:: Assigned task ::
Lines from the one containing "Image 2 : Dresser" through the final line of the data, restated word for word and free of pictures, make up the whole answer.

:: Available data ::
........
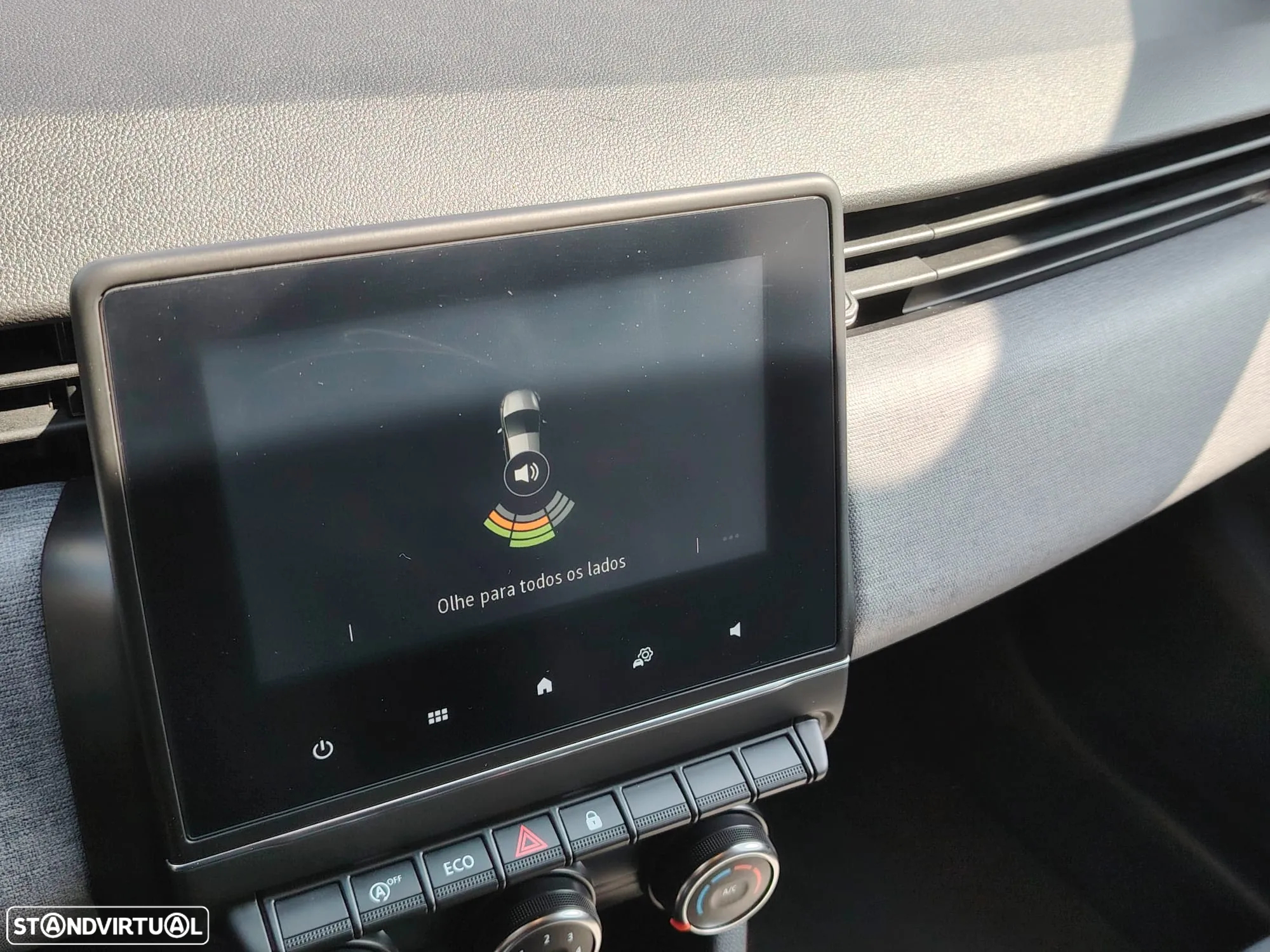 Renault Clio 1.0 TCe Intens Bi-Fuel - 18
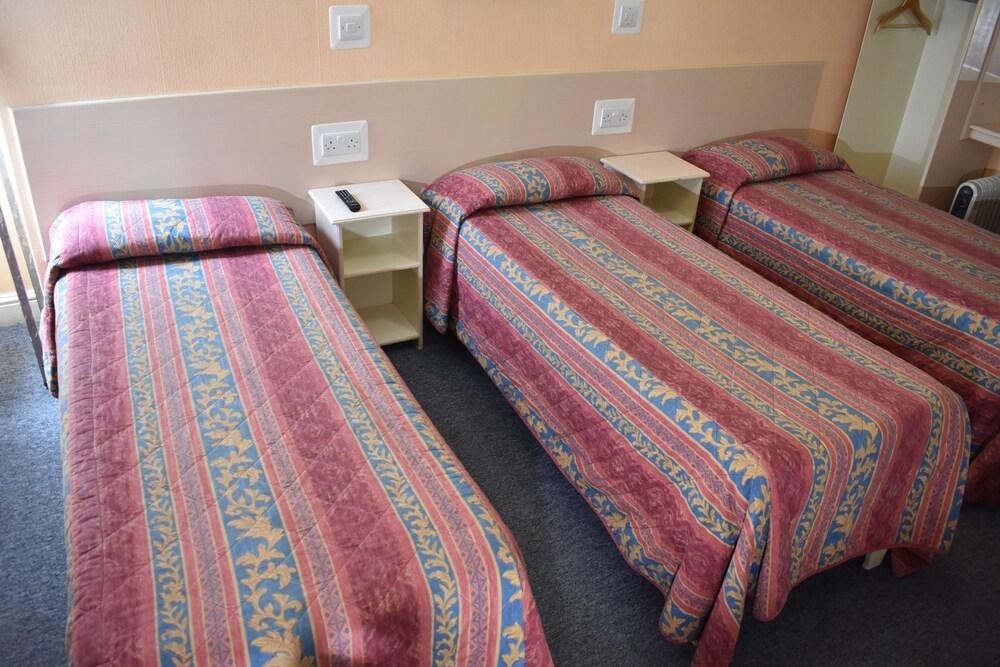 MacDonald Room Type - Triple Room, Shared Bathroom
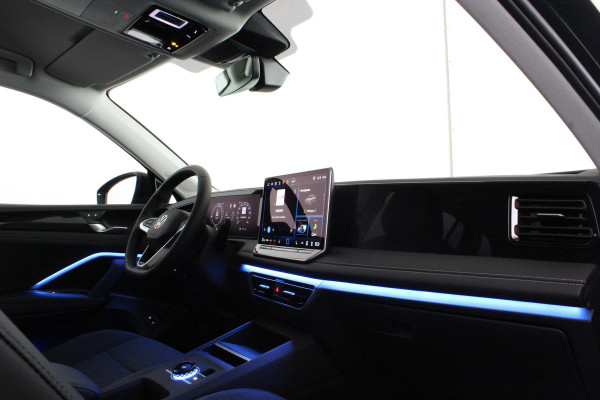 Volkswagen Tiguan 1.5 eHybrid Life Edition > (nieuw) Grenadilla Black/18inch/IQ/Design-pakket/Winterpakket Plus...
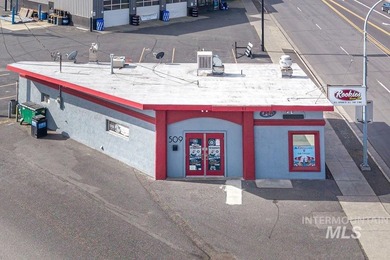 Lake Lot For Sale in Clarkston, Washington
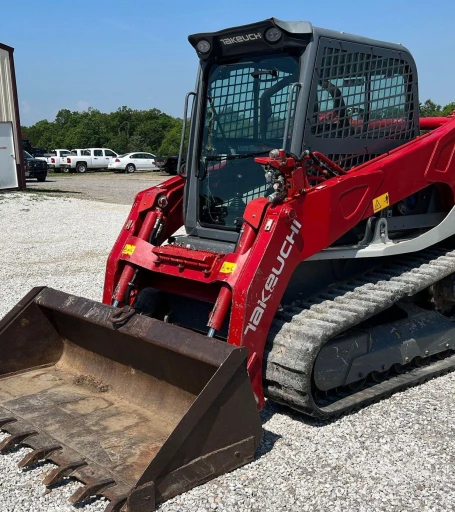 2016 Takeuchi TL12V2 tracked skid steer loader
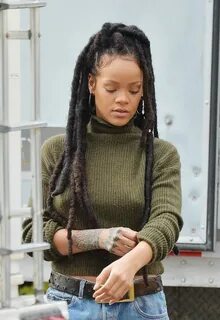 November 10: Rihanna on set of 'Ocean’s Eight' movie in NYC.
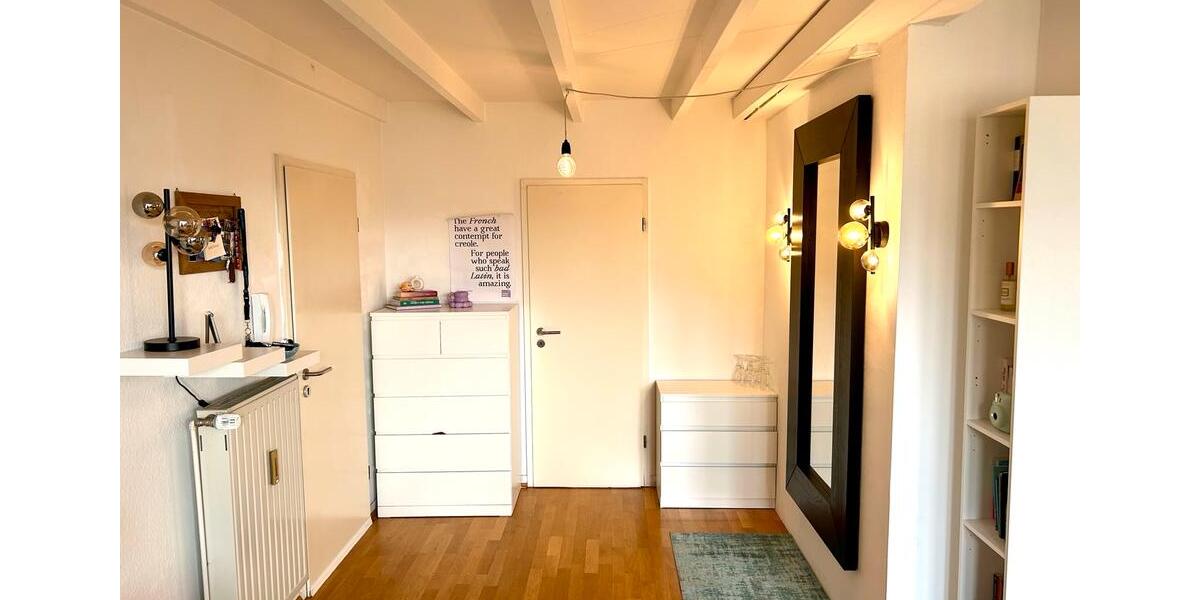 Dachgeschoßwohnung Köln Innenstadt - 2 Zimmer, 55 m&sup2;, 1.250&euro; | Angebot:25407456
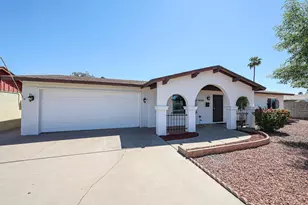 12009 N 34th St, Phoenix, AZ 85028 - Photo 1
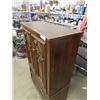 Image 2 : Dresser 58" x 38" x 18"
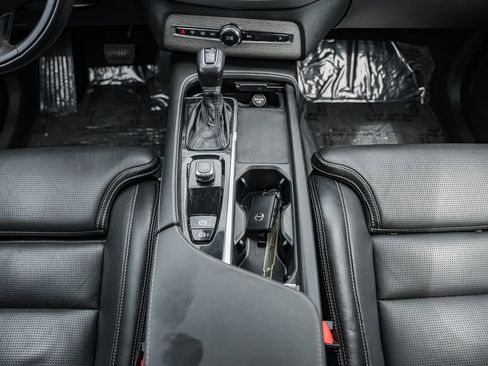 Used 2022 Volvo XC90 T6 Inscription w/ Climate Package image 26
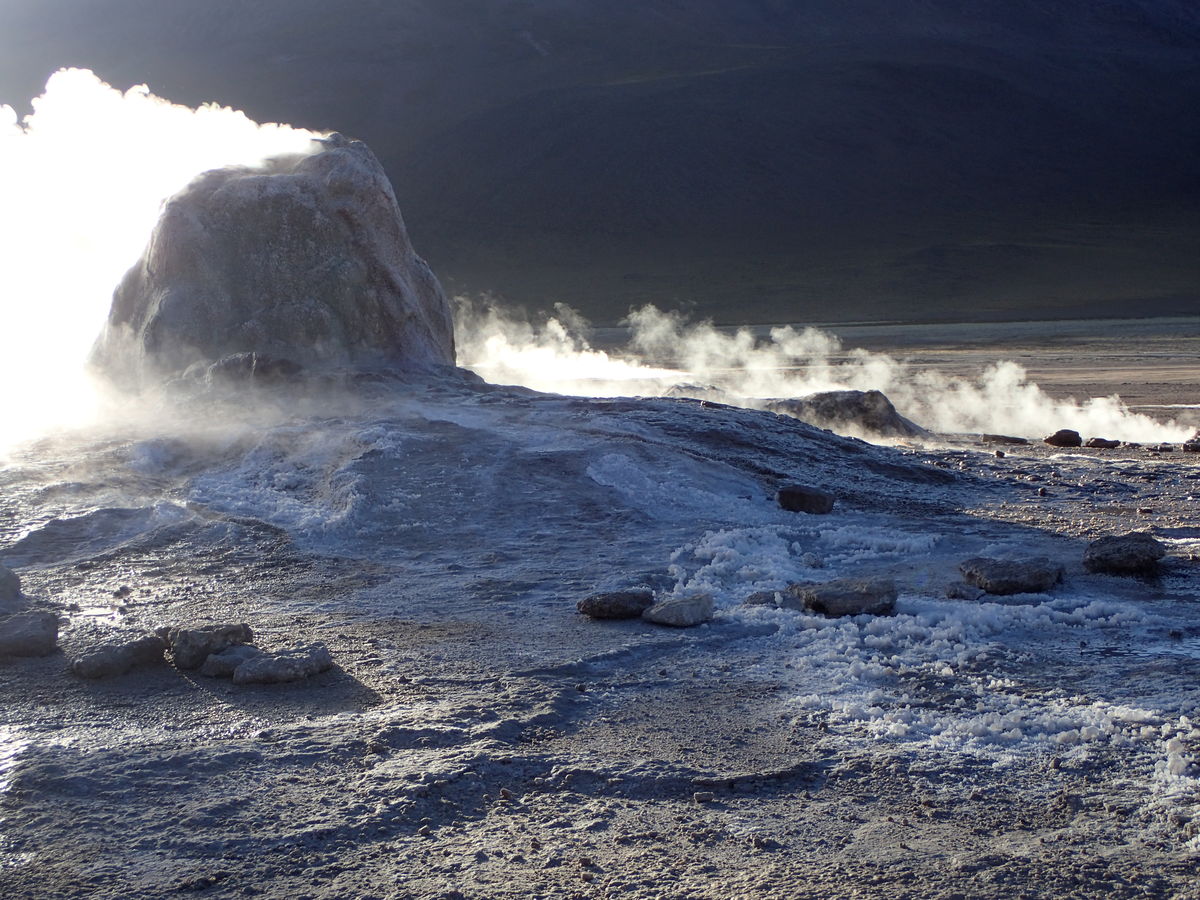 El Tatio Geysir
........
:: Task response ::
 Image 2 : Dresser 58" x 38" x 18"
 Used 2022 Volvo XC90 T6 Inscription w/ Climate Package image 26
 El Tatio Geysir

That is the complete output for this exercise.